While the jury remains out on exactly what went wrong at certain tsunami-and earthquake-impacted nuclear power reactors in Japan, investors took decisive action on Monday, selling down listed uranium stocks by up to a third. Smaller stocks were especially punished.
During Australian trade, Pitchstone Exploration was sold down by 32% on the day. The world's biggest listed uranium producer, Canada's Cameco, fell 12.7% to close at $31.70.
Gold futures rose for the second straight session as Japan’s strongest earthquake on record boosted demand for a haven asset, reports Bloomberg. Palladium fell for an eighth straight session, the longest slump since July 2008.
Equities declined worldwide as officials said the death toll from the earthquake and tsunami may top 10,000. Technicians tried to contain damage from a second explosion at a nuclear plant north of Tokyo.

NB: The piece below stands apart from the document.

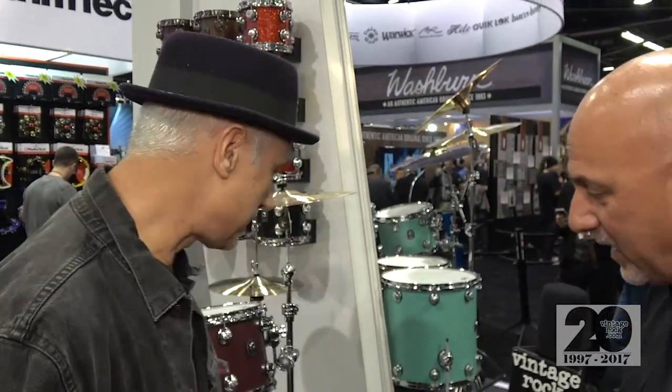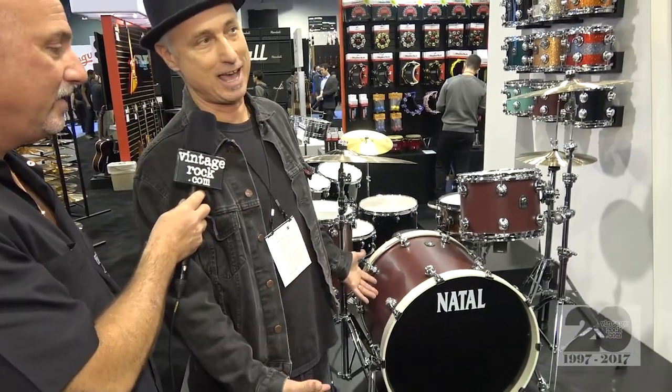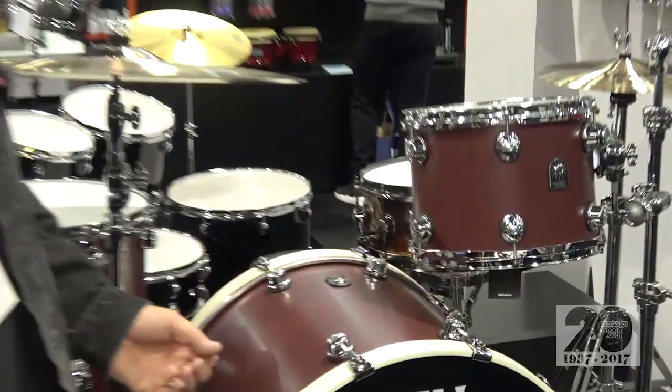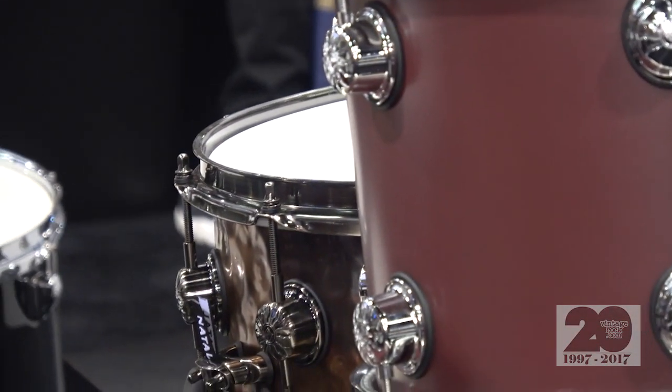It's a very special day for you. We're at the Natal Drums booth, and they've presented you with your own kit, which is right behind you. I haven't played it yet, but I know they make great drums — I play them all the time. This kit is made out of tulip wood, and it's a new color called oxblood red suede. The snare drum is a hand-hammered old bronze. Those are amazing drums — just top quality, as good as any drum in the world.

Reuters is reporting that FE Steel, the world's No 5 steelmaker, on Monday halted production at a plant near Tokyo and global fourth-ranked Nippon Steel suspended operations at two small plants:
- JFE said shipments from its 10 million tonnes per year Higashi Nihon plant near Tokyo had virtually halted due to a power outage.
- JFE resumed operations on Sunday of two blast furnaces at its Higashi Nihon plant, one of its two mainstay plants, which were idled after Friday's quake and tsunami.
India, ranked among the top five global players in production of several major minerals, is poised for rapid growth in its mining industry - about five percent of the GDP.
However, lack of skilled workers is set to hit the industry, creating a demand-supply gap of over 2,200 people by 2025, according to a study on mapping of human resources and skills for the mining industry in India by Confederation of Indian Industry (CII).
The most active gold contract on the Tokyo Commodity Exchange, February 2012 , inched up after an earthquake of magnitute 8.8 struck the north coast of Japan, while the rubber contract for August 2011 barely moved, dealers said on Friday.